La notizia della morte di Carlo Ginzburg mi ha colto proprio mentre avevo iniziato a leggere l’ultima sua raccolta di saggi intitolata Il vincolo della vergogna. Nella prefazione l’A. descrive sé stesso come una persona che sa poco e che ha cercato nella sua vita di fondere saperi e di guardare sempre con rispetto ad altri ambiti disciplinari oltre il suo.  

In effetti, scorrendo rapidamente il numeroso elenco delle sue opere, troviamo una varietà di interessi poco condivisa da altri intellettuali italiani che si sono o sempre occupati delle stesse questioni o sono andati a finire nei salotti televisivi dando giudizi approssimati su questioni di cui non sono competenti. Ginzburg non ha fatto nulla di tutto questo: ha continuato la sua opera di storico ed è anche intervenuto nella sfera pubblica, sempre con discrezione, mai con spettacolarità e sempre con assennatezza.  

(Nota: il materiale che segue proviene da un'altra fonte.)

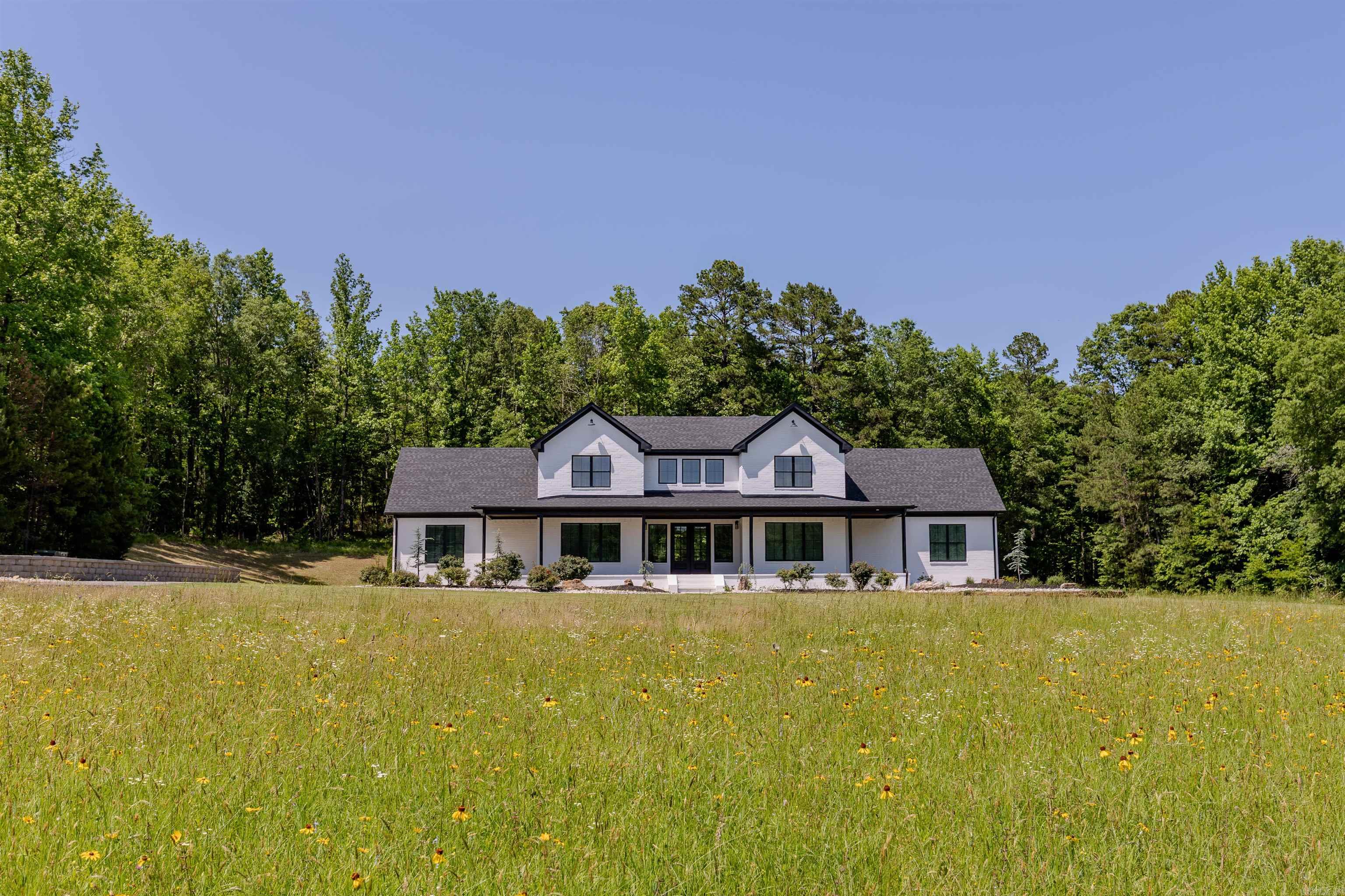 19300 Lake Winona Road Paron, AR 72122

Partiamo principale operato: quella di storico, uno studioso che si sono contesi molte università straniere per la sua capacità e per l’originalità delle sue ricerche. Gli evangelici italiani, oltre alla sua origine ebraica, lo devono ricordare soprattutto come uno dei maggiori esperti di letteratura e mentalità religiosa del XVI secolo in Italia, periodo in cui le idee dell’umanesimo mandano in crisi il sistema di pensiero tradizionale cattolico, non solo a livello intellettuale ma, come dimostrato proprio dallo storico italiano, anche quello popolare. I suoi saggi sul Nicodemismo, che è stata una delle posture tipiche degli intellettuali italiani che si rendevano conto che l’impalcatura cattolica scricchiolava spiritualmente ma rimaneva potente dal punto di vista politico e su personaggi assolutamente originali come i Benandanti danno idea della vastità delle “scoperte” storiche che Ginzburg ha fatto.  

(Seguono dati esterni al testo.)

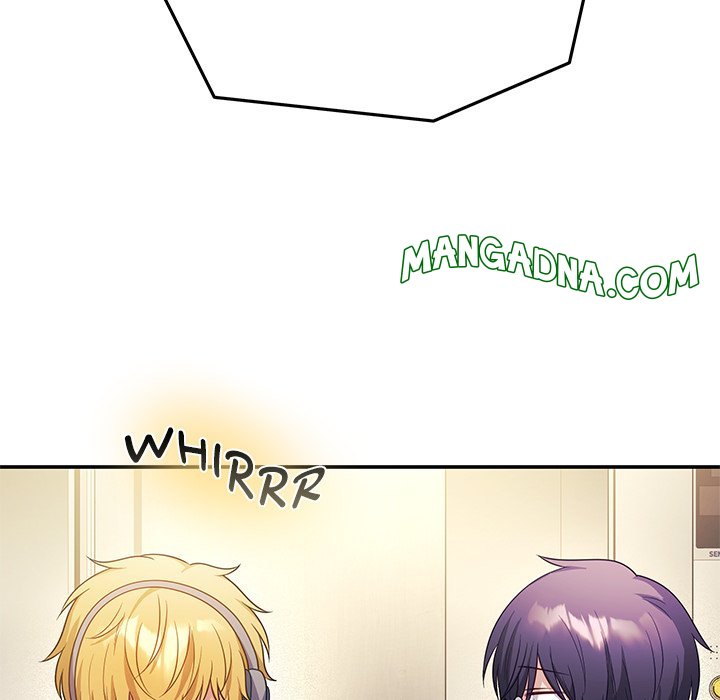 My Wife is a VTuber chapter 12 page 28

In questo vasto panorama di scritti mi sento di segnalarne due che rimangono assolutamente significativi. Il primo è il resoconto del “rivoluzionario” seminario che insieme ad Adriano Prosperi fu fatto a Bologna sul Beneficio di Cristo, il “best seller” della spiritualità evangelica italiana del XVI secolo. Ginzburg e Prosperi in Giochi di pazienza, mostrano come lo scritto non possa totalmente essere fatto risalire alla spiritualità luterana, ma che abbia dei tratti assolutamente originali.  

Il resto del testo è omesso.